Flashback: Pandemic Lays Bare U.S. Reliance on China for Drugs

Wall Street Journal – by Chuin-Wei Yap, August 2020

The shortage of a simple, over-the-counter painkiller shows how dependent the U.S. has become on China for vital pharmaceutical supplies.

For weeks this spring, as the coronavirus pandemic gripped the world, Nicole Izsak wasn’t able to stock up on acetaminophen at her neighborhood pharmacies on New York City’s Roosevelt Island. 

“They had nothing of any brand,” Ms. Izsak, a nurse who volunteers at the island’s Covid-19 medical facility, said after occasionally checking at the local Duane Reade and Walgreens. The headache remedy found in most families’ medicine cabinets is also a key fever reducer.

Acetaminophen is one of a slew of life-or-death ingredients for medicines now produced in significant amounts by China. Many of these are commodity chemicals that U.S. makers found unprofitable to produce. China makes about 70% of the acetaminophen used in the U.S., the Commerce Department and analysts estimate.

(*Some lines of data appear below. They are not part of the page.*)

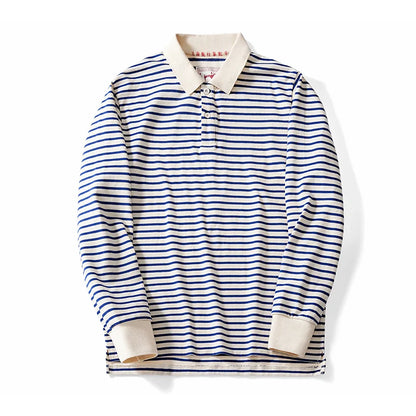 Autumn New Long Sleeve Polo Shirt Men Japanese Retro Loose Combed Cotton Striped Shirts Casual Streetwear Lapel Tops Oversize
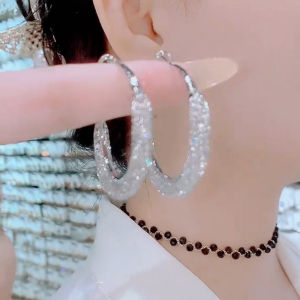 Shiny Mesh Hoops Earrings Womens New 2025 Trendy High-End Sensation Elegant Versatile Ear Jewelry Fashionable Alloy Geometric Design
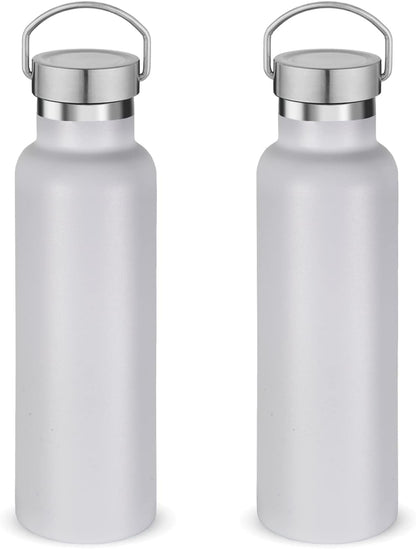 Neihepal 20 oz Insulated Water Bottles Bulk 2 Pack,Stainless Steel Double Wall Sport Bottle with Lid of Handle,Metal Reusable Thermoses Flask with Cup Cap for School,Cyclists,Gift (White,Set of 2)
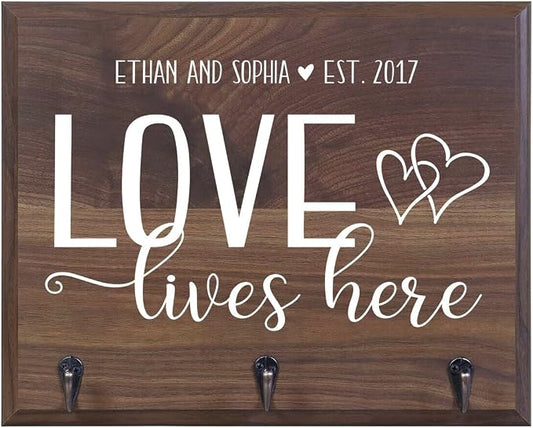 Rooms Organized Personalized Love Lives Here Wall Mounted Coat,Hat, Key and Pet Collar Rack Storage with 3 Metal Hooks 15" w x 12" h 4.25" deep (Love Lives Here) by Unknown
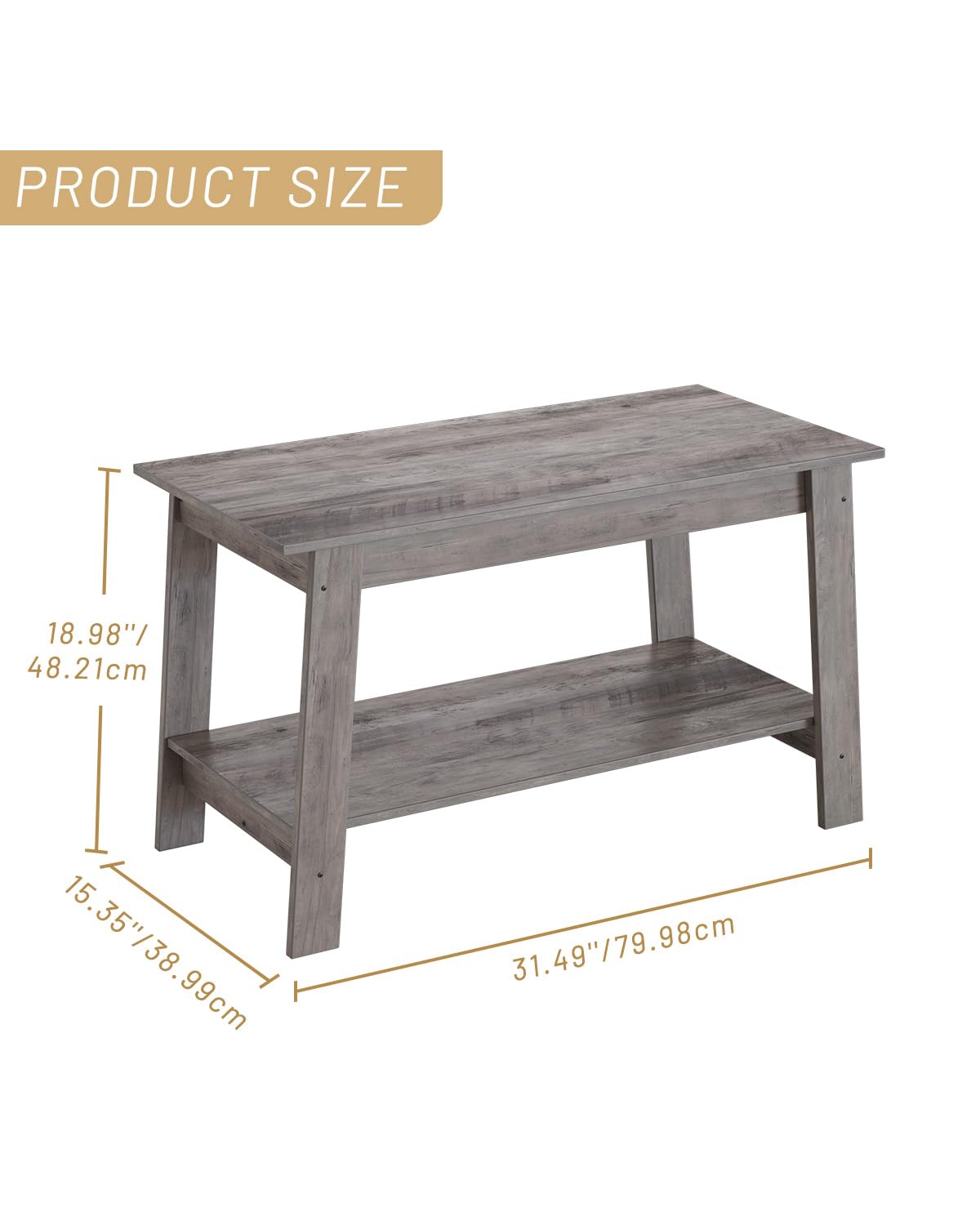Coffee Table, Coffee Table for Living Room, Modern Farmhouse Coffee Table with Storage Shelf, 2-Tier Living Room Table Rectangular Center Table, Home Office Industrial Cocktail Tables, Grey Garvee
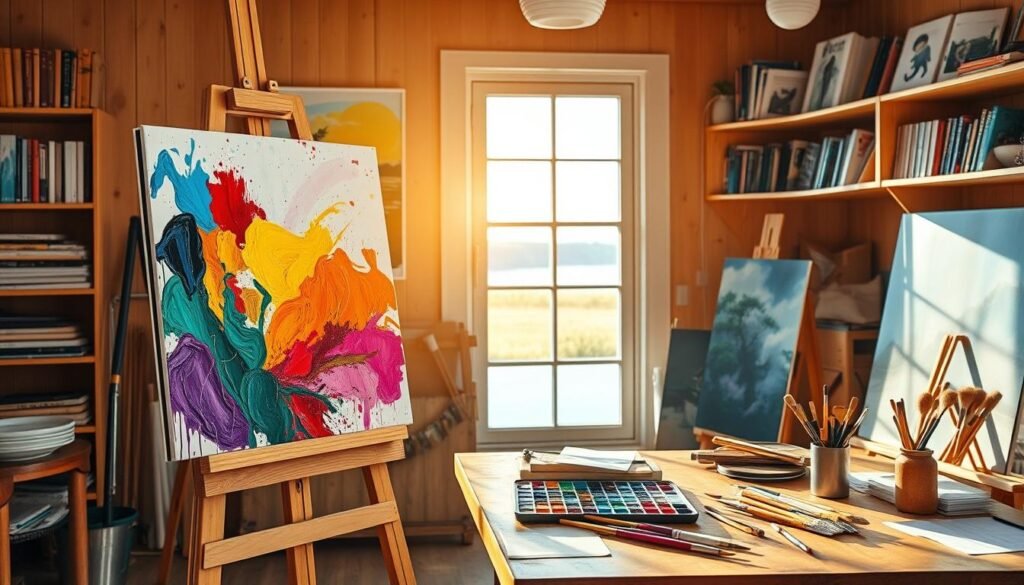 A serene art studio flooded with warm, natural light. In the foreground, an easel displays a vibrant acrylic painting showcasing diverse techniques - bold brushstrokes, blended colors, and intricate details. Nearby, an array of acrylic paints, brushes, and a palette sit organized on a wooden table, inviting the viewer to explore the creative process. In the middle ground, a window offers a glimpse of a tranquil outdoor scene, reflecting the calming atmosphere. The background features shelves displaying inspiring art books and materials, creating a welcoming environment for both experienced and aspiring acrylic painters.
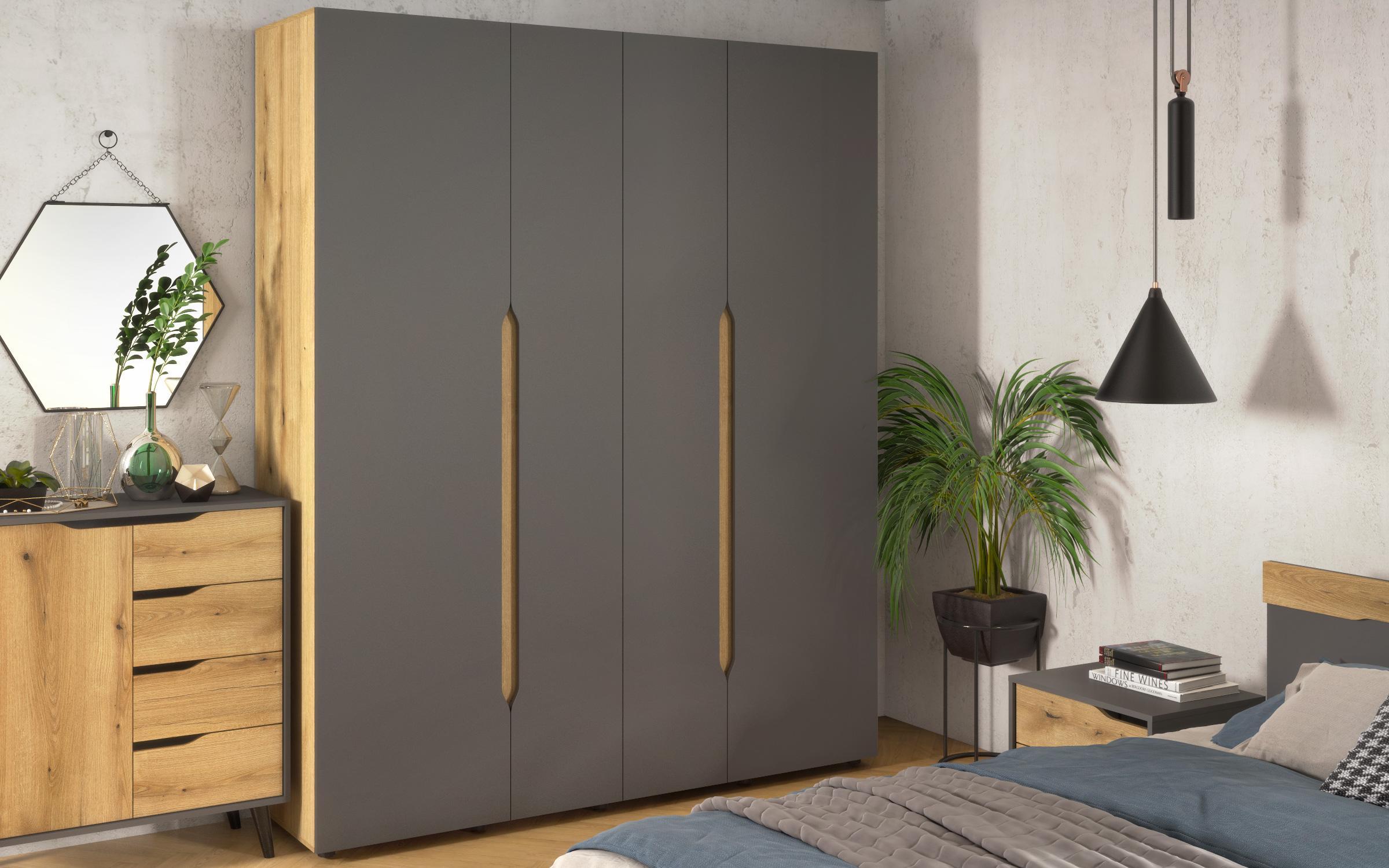 Bedroom furniture set for mattress 160/200 Murphy, anthracite matt + Evoke oak  9
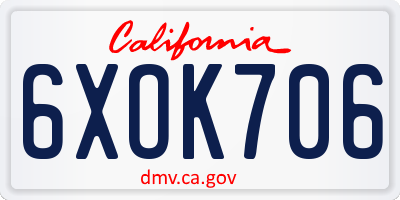 CA license plate 6XOK706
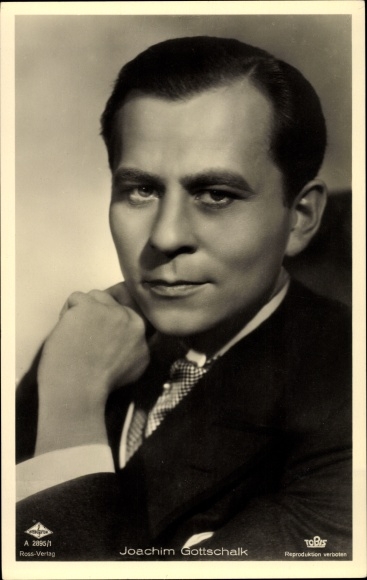 Postcard actor Joachim Gottschalk, portrait, Ross Verlag A 2895 1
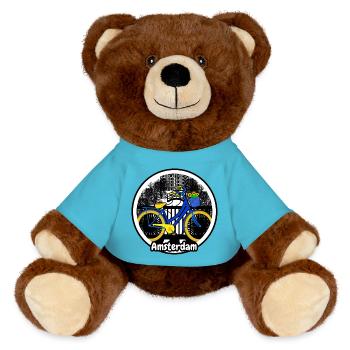 Motif de vacances d’Amsterdam avec un vélo sur le pont - Nounours RecycelBär® marron - bleu outremer - Devant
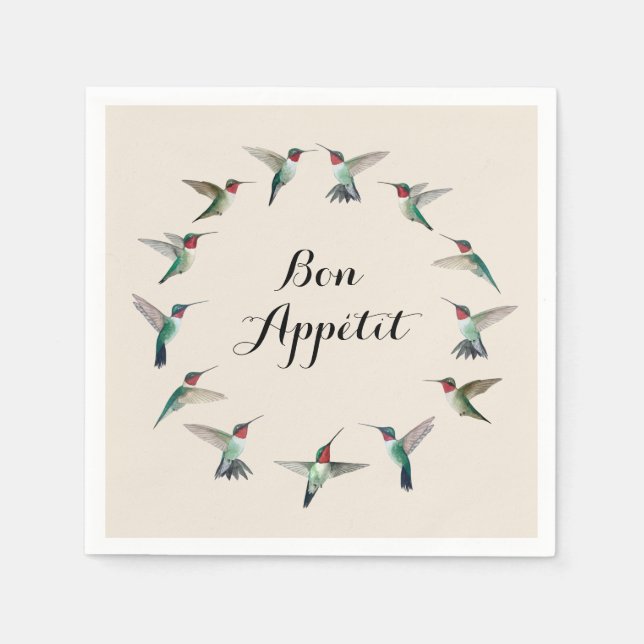 Bon Appétit Ruby-throated Hummingbird Pappersservett (Framsidan)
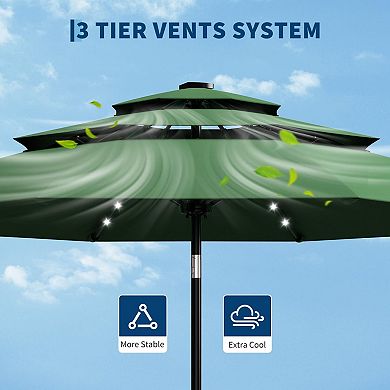 10Ft 3-Tier Solar Patio Umbrella with LED Lights, Outdoor Table Umbrella with Vents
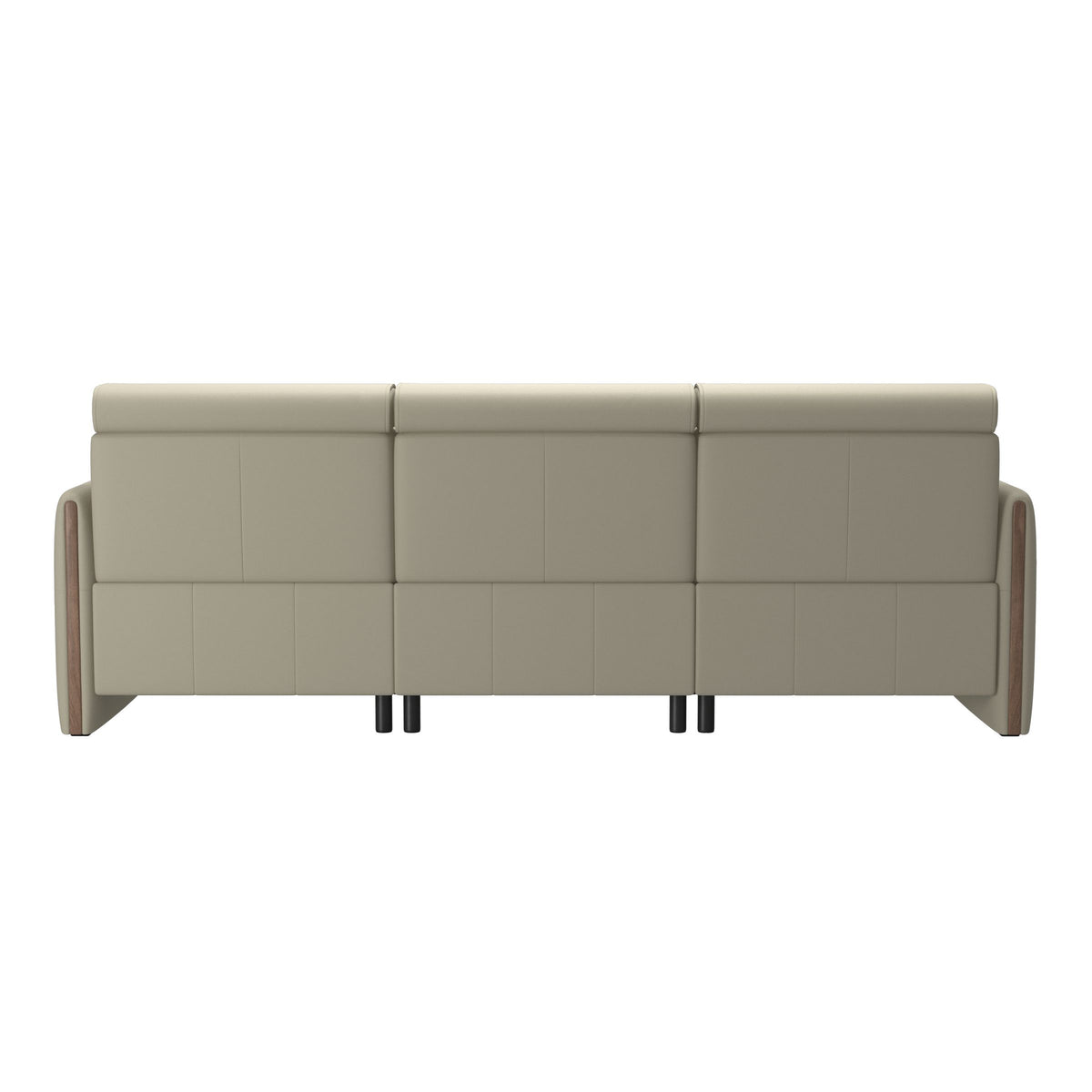 Stressless Emily Wood 2-Seater Sofa with 1 Power Seat and 1 Long Seat in Paloma Light Grey, Walnut, rear three-quarter view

The dependence, exposed by the supply-chain disruptions and a surge in buying brought on by the pandemic, has raised concerns among Trump administration officials, lawmakers and corporate chiefs.

A $765 million government loan to Eastman Kodak Co. last month was targeted at reducing America’s reliance on other countries, including China, for drugs, according to the U.S. International Development Finance Corp., which provided the loan. Kodak will use the funds to produce ingredients for generic drugs in the U.S. and said it expects the production of pharmaceutical ingredients to make up 30% to 40% of its business over time.

Other important pharmaceutical ingredients made in China include the blood anticoagulant heparin, of which 80% of the global supply is made in China, and even higher levels of the world’s antibiotics, according to estimates from industry experts at the Council on Foreign Relations, a think tank; the U.S.-China Economic and Security Review Commission, created by Congress to study national security and trade; and others.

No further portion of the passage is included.